New research maps out how parks, lakes, trees and other urban green spaces boost physical activity and overall human wellbeing in cities. Photo: G. Krishnan/Unsplash
Researchers plan to equip city planners with tools to create healthier, more sustainable cities around the world
- A new paper published closes an important gap in understanding how building nature into cities can support overall human wellbeing
- Researchers combined decades of public health research with information on nature’s benefits to people in cities
- The research will serve as the basis for a new health model in Natural Capital Project software and be available to anyone interested in new arguments and tools for targeting investments in nature in cities
NATURE IS THE BEST GYM: There’s more to the beauty of trees. They may actually make you go for a longer stroll or choose to bike to work
It’s widely understood that physical activity improves human health, but how parks, lakes, trees and other urban green spaces boost physical activity and overall wellbeing is an unsolved piece of the puzzle. A new paper published in Proceedings of the National Academy of Sciences closes an important gap in understanding how building nature into cities can support overall human wellbeing.
Over the past year of shelter-in-place restrictions, we’ve learned how valuable and fulfilling it can be to spend time outdoors in nature, especially for city-dwellers.
Lead author Roy Remme
Dog walking, jogging, gardening…
The researchers, including centre researcher Therese Lindahl, explored how people might choose to walk an extra few blocks to enjoy a blooming garden or bike to work along a river path, reaping the health benefits of physical activity they may have missed if not motivated by natural spaces.

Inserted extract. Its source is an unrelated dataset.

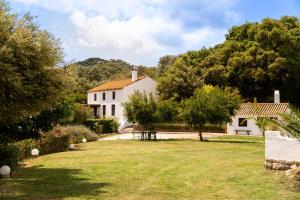 a white house with a yard and trees at Finca Santa Teresa, Casa La Higuera in Casares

They combined decades of public health research with information on nature’s benefits to people in cities. They considered how activities like dog walking, jogging, cycling and community gardening are supported by cities’ natural spaces.
They also factored in things like distance to urban greenery, feelings of safety and accessibility to understand how those elements can alter the benefits of nature for different people.
From tree-lined sidewalks to city parks and waterfronts, the team created a model framework to map out urban nature’s physical health benefits.
Healthy, equitable and sustainable
In Amsterdam, city planners are currently implementing a new green infrastructure plan. Using the city as a hypothetical case study, the researchers applied their framework to understand how Amsterdam’s plans to build or improve new parks might affect physical activity for everyone in the city.
The research will serve as the basis for a new health model in Natural Capital Project software— the free, open-source tools that map the many benefits nature provides people. The software was recently used to inform an assessment of 775 European cities to understand the potential of nature-based solutions for addressing climate change.
Eventually, the new health model software will be available to city planners, investors and anyone else interested in new arguments and tools for targeting investments in nature in cities.
“Our ultimate goal is to create more healthy, equitable and sustainable cities and this research gets us one big step closer,” says Anne Guerry, co-author and Chief Strategy Officer at the Natural Capital Project.